_TASK DIRECTIONS_: Set the pictures aside and write down, exactly as they appear, the lines from the one containing "Since we recently" through the end of the material.

_DATA EXTRACT_:

****************

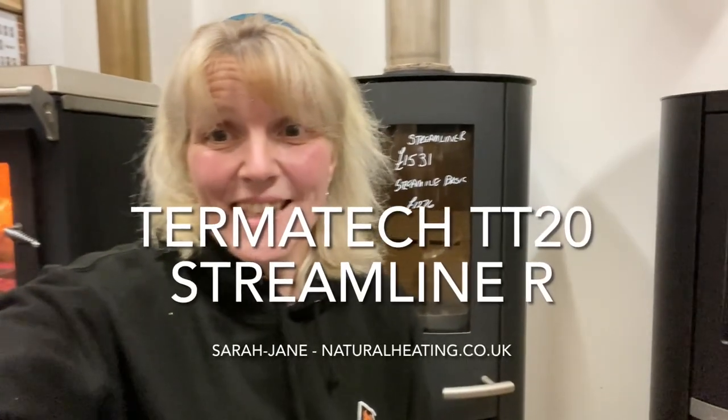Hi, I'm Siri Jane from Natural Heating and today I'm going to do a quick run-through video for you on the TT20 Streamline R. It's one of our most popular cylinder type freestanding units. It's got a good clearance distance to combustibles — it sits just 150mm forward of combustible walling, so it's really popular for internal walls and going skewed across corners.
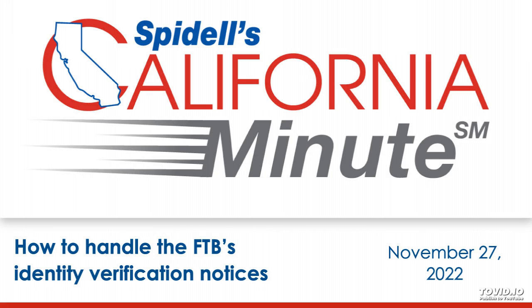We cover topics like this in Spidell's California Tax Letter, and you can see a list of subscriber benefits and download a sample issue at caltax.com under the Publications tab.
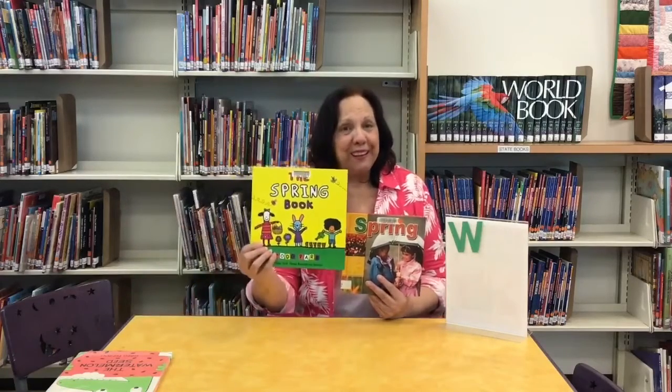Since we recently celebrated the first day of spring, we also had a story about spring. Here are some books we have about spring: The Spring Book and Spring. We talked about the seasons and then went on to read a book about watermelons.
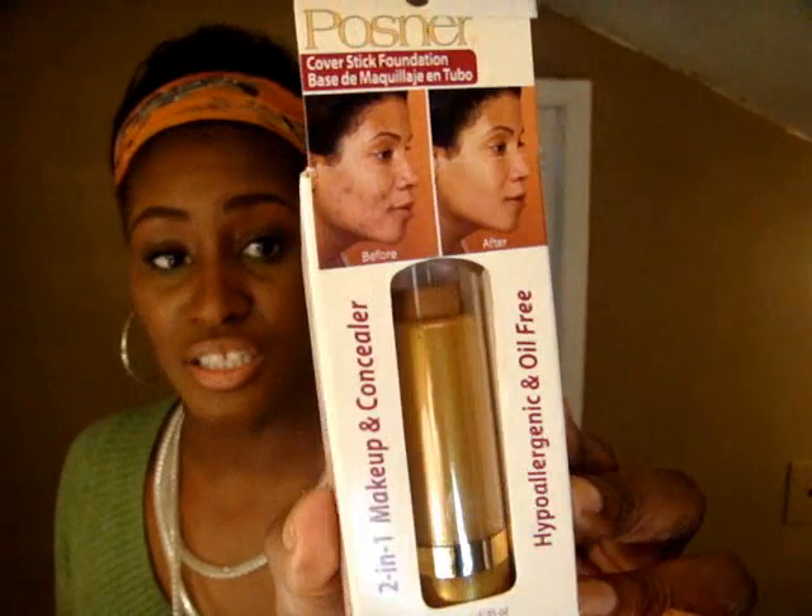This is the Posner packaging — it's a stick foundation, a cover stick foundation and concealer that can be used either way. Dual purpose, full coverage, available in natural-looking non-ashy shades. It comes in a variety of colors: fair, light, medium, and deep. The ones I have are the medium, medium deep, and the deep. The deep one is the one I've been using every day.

****************

_WRITTEN ANSWER_:
Since we recently celebrated the first day of spring, we also had a story about spring. Here are some books we have about spring: The Spring Book and Spring. We talked about the seasons and then went on to read a book about watermelons.
This is the Posner packaging — it's a stick foundation, a cover stick foundation and concealer that can be used either way. Dual purpose, full coverage, available in natural-looking non-ashy shades. It comes in a variety of colors: fair, light, medium, and deep. The ones I have are the medium, medium deep, and the deep. The deep one is the one I've been using every day.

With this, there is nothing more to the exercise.